また、ポジティブ要因やネガティブ要因など書きたい事を自由に書くことは、ストレスを軽減するだけではなく、自己肯定感を高めるともいわれており、多くのメリットがあることがわかっています。

勤務先へ相談する

自己分析を行った後は、勤務先へ相談することが重要です。信頼できる上司や人事部門に自分の状況を話すことでサポートを受けることができるほか、多くの企業ではメンタルヘルスに関する相談窓口やカウンセリングサービスを提供している場合があります。自分一人で抱え込まず、専門家の意見を聞くことで、適切なアドバイスや支援を受けることができるでしょう。

相談する際は、自分の状況を具体的に説明することが大切です。どのような業務でミスが増えたのか、どのような感情が影響しているのかを明確に伝えることで、相手も理解しやすくなります。

また、相談を通じて、業務の負担を軽減するための具体的な対策を一緒に考えることができるかもしれません。職場のサポートを受けることで、心の負担を軽減し、業務に集中できる環境を整えることが可能になります。

休職を検討する

必要に応じて休職を検討することも選択肢の一つです。
心身の健康が損なわれている場合、無理をして働き続けることはさらなる状況の悪化を招く可能性があります。休職を通じて心身をリフレッシュし、治療による回復に専念するのも選択肢のひとつです。休職中には、必要に応じて医療機関での治療やカウンセリングを受けることも検討しましょう。

休職を決断することは簡単ではありませんが、自分自身の健康を最優先に考えることが大切です。心身の状態を整えることで、復職後にはより良いパフォーマンスを発揮できる可能性が高まります。また、休職中に自分のキャリアや今後の働き方について考える時間を持つことも、将来的な成長につながるでしょう。

公的機関へ相談する

もし、職場や家族に相談できない場合、ひとりで抱え込んでしまうことで状態を悪化させてしまう可能性があります。

そんな時は、公的な機関の相談窓口を活用してみてもよいでしょう。どんな機関にどんな相談をすればよいのかがわからない場合には、厚生労働省が開設している「働く人のメンタルヘルス・ポータルサイト こころの耳」が相談窓口になってくれます。このサイトでは、電話はもちろん、SNSやメールでの窓口が設置されており、相談者が連絡をとりやすいシステムとなっています。

心療内科や精神科への受診に対してハードルが高いと感じる方は、「こころの耳」で相談し、サポートを受けるのも選択肢のひとつです。

▼悩ミカタ相談室でも、匿名のオンライン相談を受け付けています。各分野の専門家/カウンセラーの中からあなたに合う方を選び、夜間や休日など都合のよい時間に予約して相談できます。つらくて不安な気持ち、1人で抱え込まずにまずはお気軽に相談してみませんか?

まとめ

急に仕事のミスが増えたと感じる人の特徴として、「タスク過多による要因」「経験が不足していることによる要因」「加齢による要因」の3つをご紹介しました。
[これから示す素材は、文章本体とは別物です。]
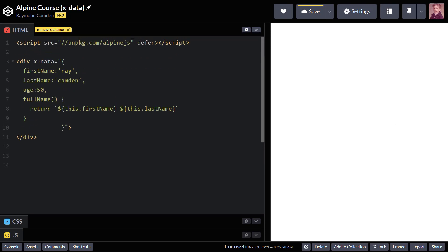Now, one last thing I'm going to point out. Yes, this is a working AlpineJS application, I've defined variables, I've defined methods, but not a darn thing is actually being rendered in my browser. Well, you'll have to see how to actually use this information in the next video.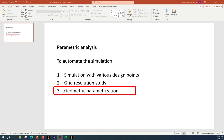Hello everyone, welcome back to my YouTube channel. Let's continue with our series for parametric analysis. Today I am going to discuss the third point in our series: geometric parametrization. In geometric parametrization, we will parameterize our geometry and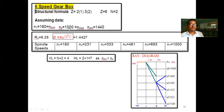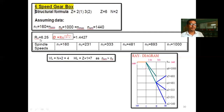From n_minimum and n_maximum, we calculate the range ratio Rn. The formula is Rn equals n_max divided by n_minimum. So 1000 divided by 160 gives us Rn equal to 6.25. This is a dimensionless quantity called the range ratio.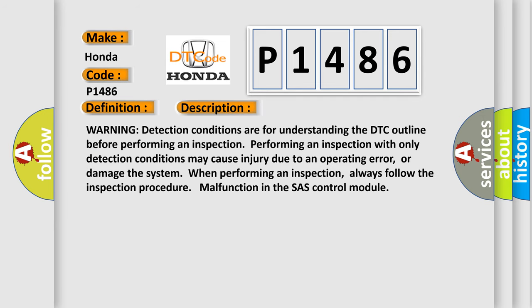Warning detection conditions are for understanding the DTC outline before performing an inspection. Performing an inspection with only detection conditions may cause injury due to an operating error, or damage the system when performing an inspection. Always follow the inspection procedure malfunction in the SH-ASH control module.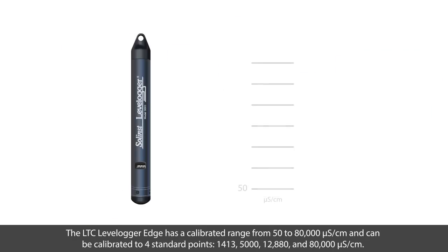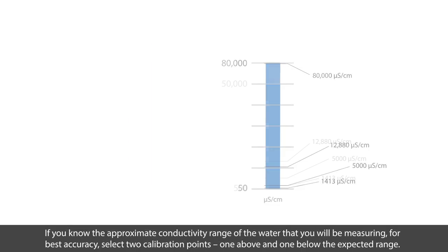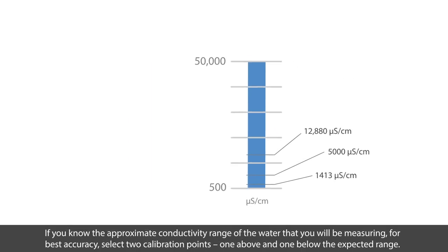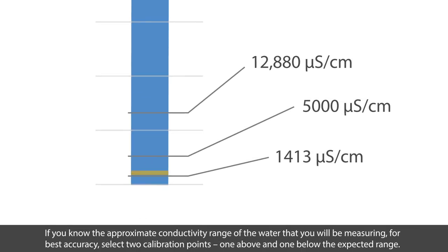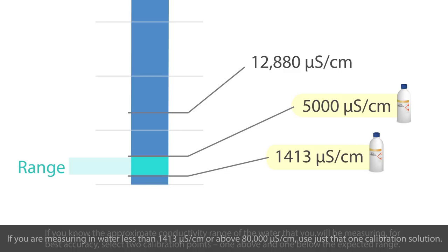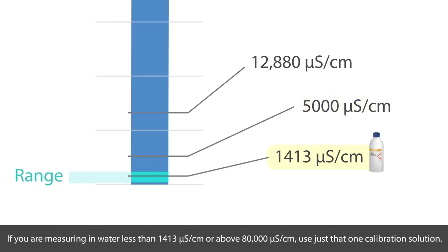The LTC Levellogger Edge has a calibration range from 50 to 80,000 microsiemens per centimeter and can be calibrated to four standard points. For best accuracy, select two calibration points, one above and one below the expected conductivity range for the water that you will be measuring. If you are measuring in water less than 1413 microsiemens per centimeter, or above 80,000 microsiemens per centimeter, use just that one calibration solution.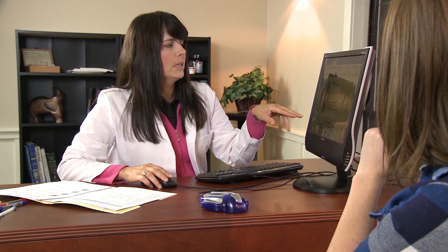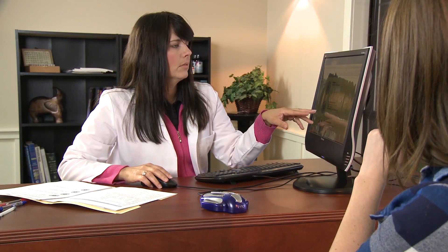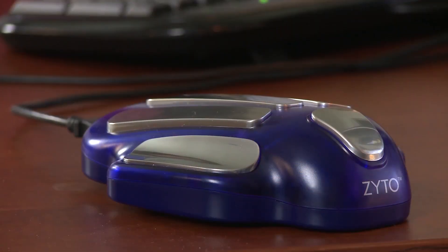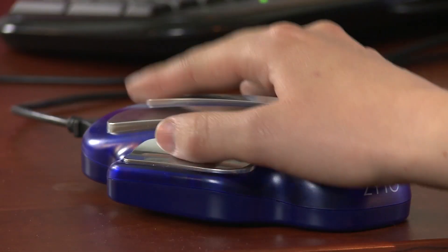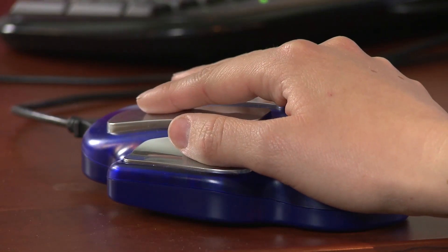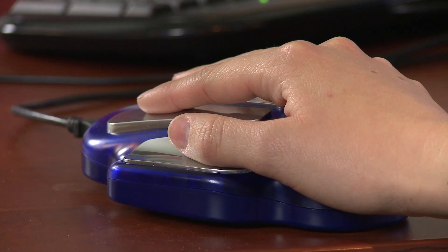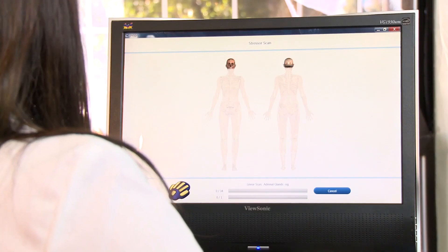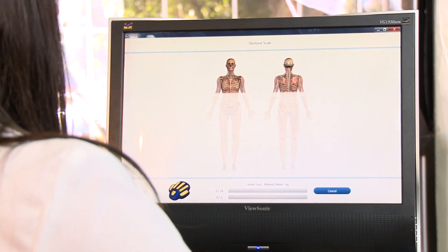In this course we'll teach you the foundations of biocommunication, the background, the history, and the philosophy that's gone into the biosurvey that comes with the ZYTO Balance.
自分が当てはまる要因を見分けることが重要です。

ミスが増える原因として、「精神的ストレスの蓄積」「疲労・過労」「環境の変化」の3つが挙げられます。また、これらが発生しないように、本人はもとより企業側も留意する必要があります。

また、急に仕事のミスが増えた場合は、適応障害やうつ病、更年期障害などの可能性も否定できません。気になったら精神科、心療内科などの専門機関を受診しましょう。もし抵抗がある方は、厚生労働省が設置している「こころの耳」や民間の相談サービスを利用してみましょう。

ここまで、急に仕事のミスが増えた場合の原因や対処法について紹介してきました。ミスの多さの原因は、個人により異なります。

自力でミスの多さに気が付いた方は、セルフマネジメントにて対策を講じることで、ミスを減少できる場合があります。ただし、ミスが多くなっているにも関わらず、自分で自覚がない場合は、注意が必要です。職場の同僚や上司などからの指摘を受けた場合はよいサインだと受け止め、専門機関を受診してみましょう。